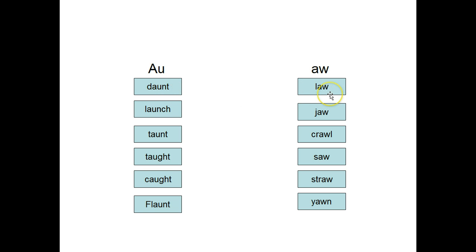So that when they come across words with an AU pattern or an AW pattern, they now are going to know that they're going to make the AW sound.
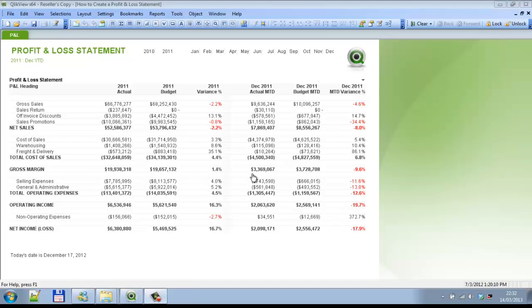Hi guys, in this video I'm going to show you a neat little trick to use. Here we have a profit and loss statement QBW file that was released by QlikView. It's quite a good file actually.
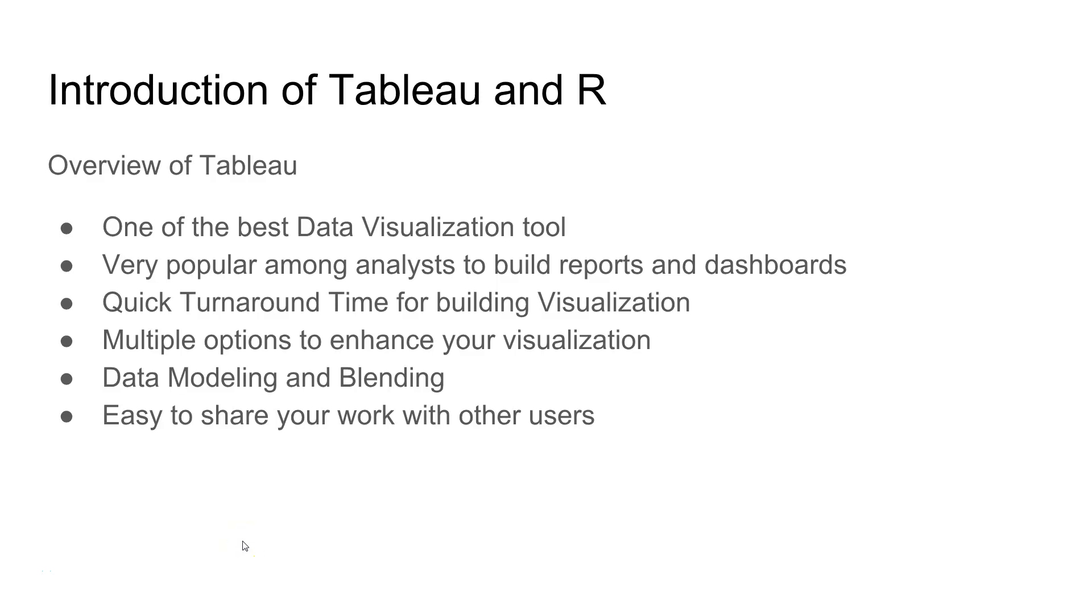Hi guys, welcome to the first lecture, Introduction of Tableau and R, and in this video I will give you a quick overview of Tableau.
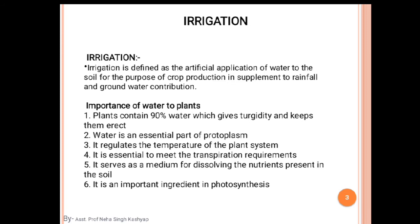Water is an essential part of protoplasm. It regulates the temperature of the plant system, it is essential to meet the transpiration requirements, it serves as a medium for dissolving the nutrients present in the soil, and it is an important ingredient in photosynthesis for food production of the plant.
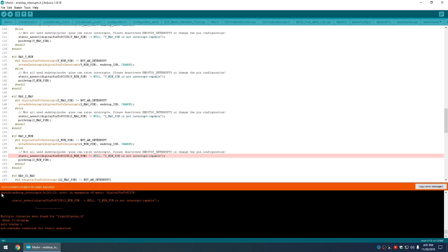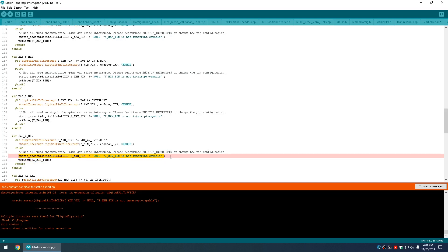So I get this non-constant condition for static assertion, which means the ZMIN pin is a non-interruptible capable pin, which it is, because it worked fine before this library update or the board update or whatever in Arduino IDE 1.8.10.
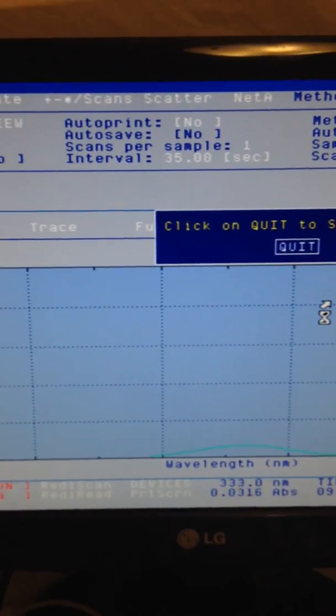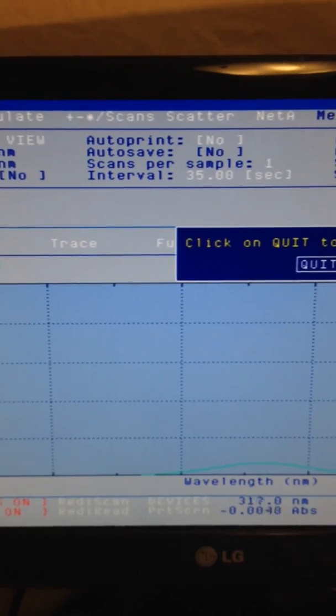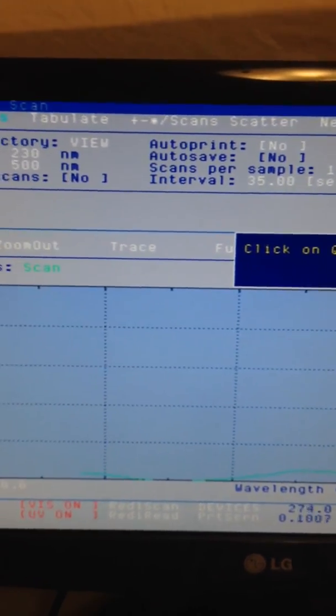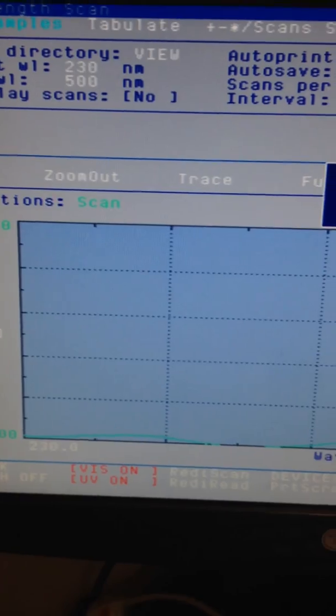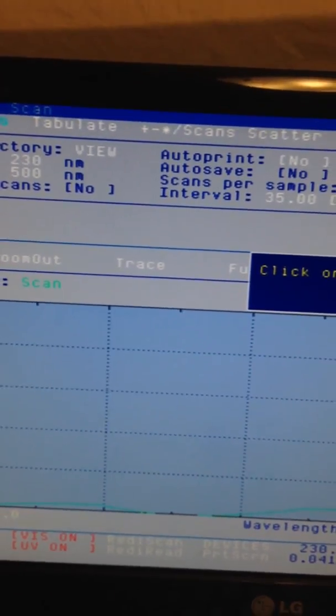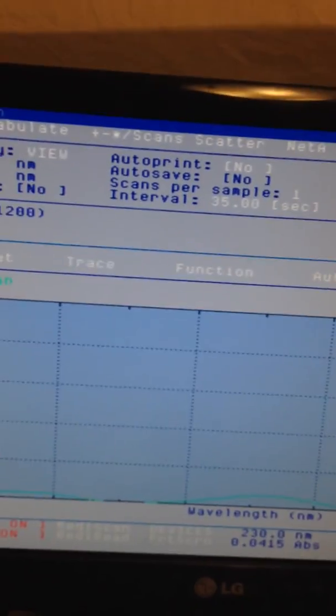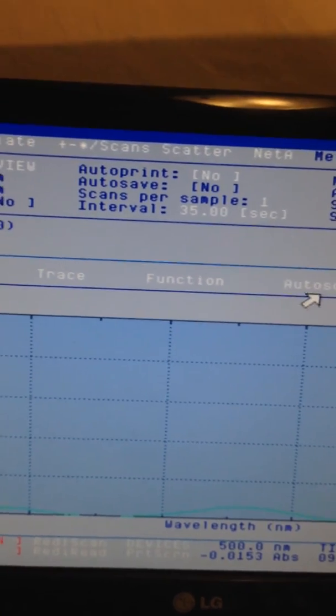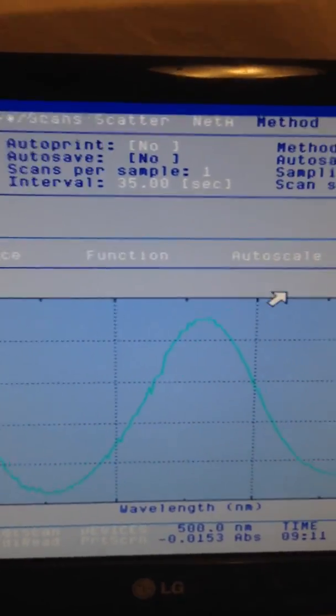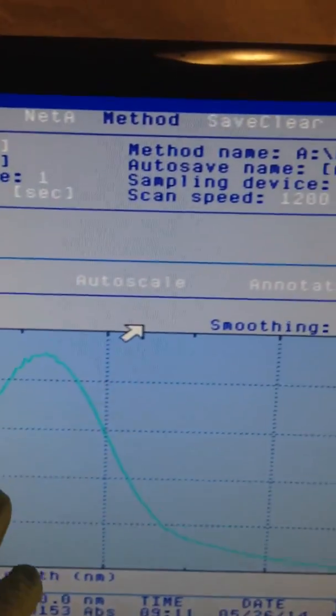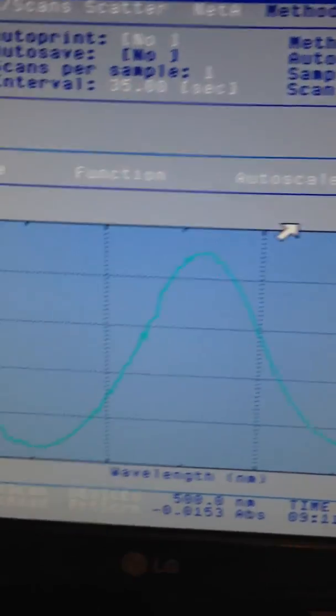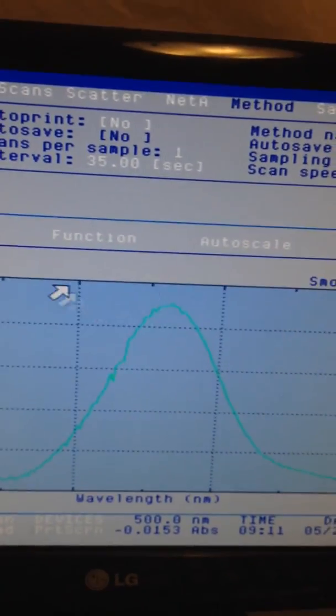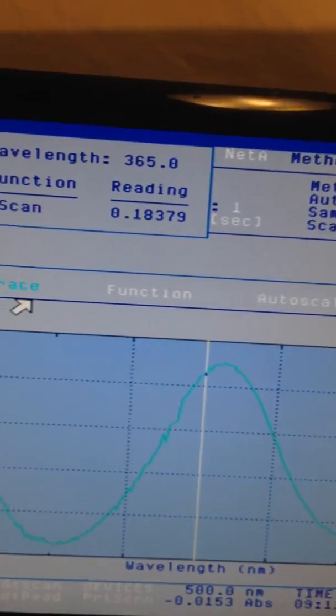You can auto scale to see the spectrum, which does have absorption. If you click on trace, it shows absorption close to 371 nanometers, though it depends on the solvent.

==

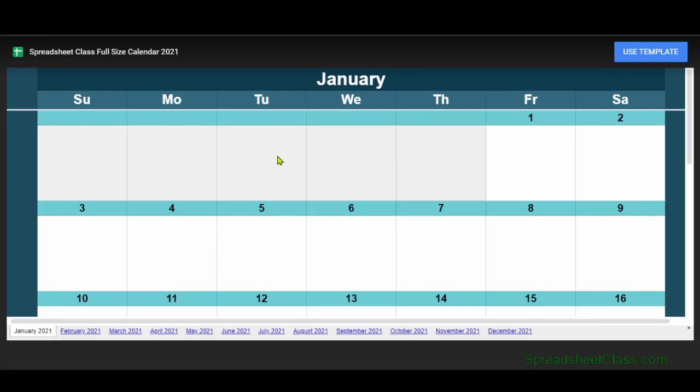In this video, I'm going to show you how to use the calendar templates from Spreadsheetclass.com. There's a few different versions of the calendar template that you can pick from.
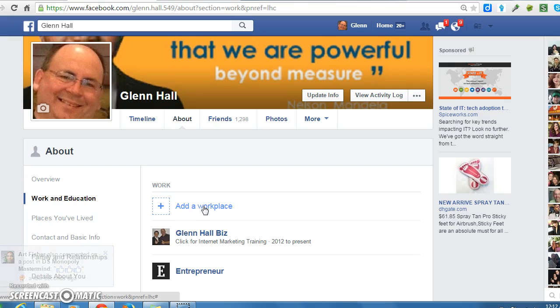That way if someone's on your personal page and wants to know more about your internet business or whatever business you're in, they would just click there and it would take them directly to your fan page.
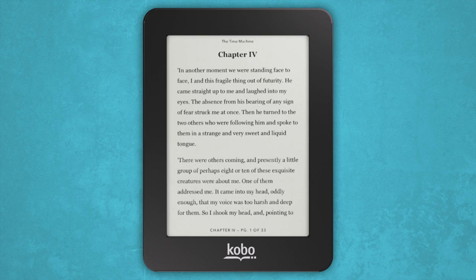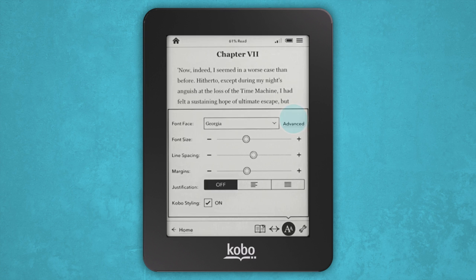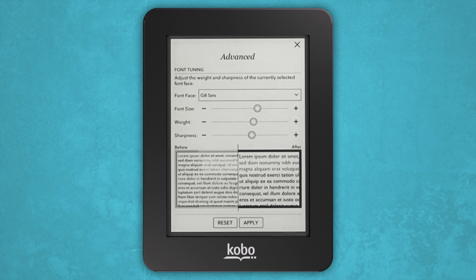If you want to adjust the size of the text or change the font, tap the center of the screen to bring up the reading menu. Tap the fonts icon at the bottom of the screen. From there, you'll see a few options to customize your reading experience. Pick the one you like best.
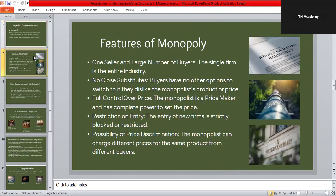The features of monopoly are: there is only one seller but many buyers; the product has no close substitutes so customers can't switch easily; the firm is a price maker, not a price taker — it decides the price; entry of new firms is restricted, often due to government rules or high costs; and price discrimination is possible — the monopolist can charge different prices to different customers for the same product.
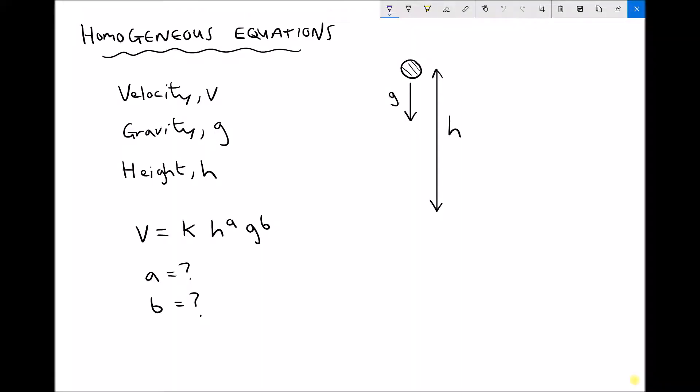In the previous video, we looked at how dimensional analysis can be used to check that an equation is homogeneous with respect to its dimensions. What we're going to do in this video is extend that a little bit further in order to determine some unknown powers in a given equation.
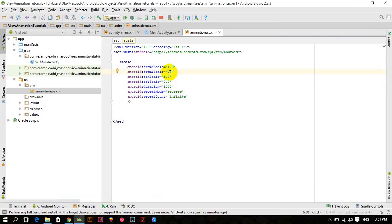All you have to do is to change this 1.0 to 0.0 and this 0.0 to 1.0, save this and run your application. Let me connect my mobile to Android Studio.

(Aim of the task):
The copy should hold exactly the lines above from the one with "So that when" through the one with "You can auto", both ends counted, and no pictures at all.

(Written solution):
So that when they come across words with an AU pattern or an AW pattern, they now are going to know that they're going to make the AW sound.
Hi guys, in this video I'm going to show you a neat little trick to use. Here we have a profit and loss statement QBW file that was released by QlikView. It's quite a good file actually.
Hi guys, welcome to the first lecture, Introduction of Tableau and R, and in this video I will give you a quick overview of Tableau.
Water is an essential part of protoplasm. It regulates the temperature of the plant system, it is essential to meet the transpiration requirements, it serves as a medium for dissolving the nutrients present in the soil, and it is an important ingredient in photosynthesis for food production of the plant.
So I get this non-constant condition for static assertion, which means the ZMIN pin is a non-interruptible capable pin, which it is, because it worked fine before this library update or the board update or whatever in Arduino IDE 1.8.10.
You can auto scale to see the spectrum, which does have absorption. If you click on trace, it shows absorption close to 371 nanometers, though it depends on the solvent.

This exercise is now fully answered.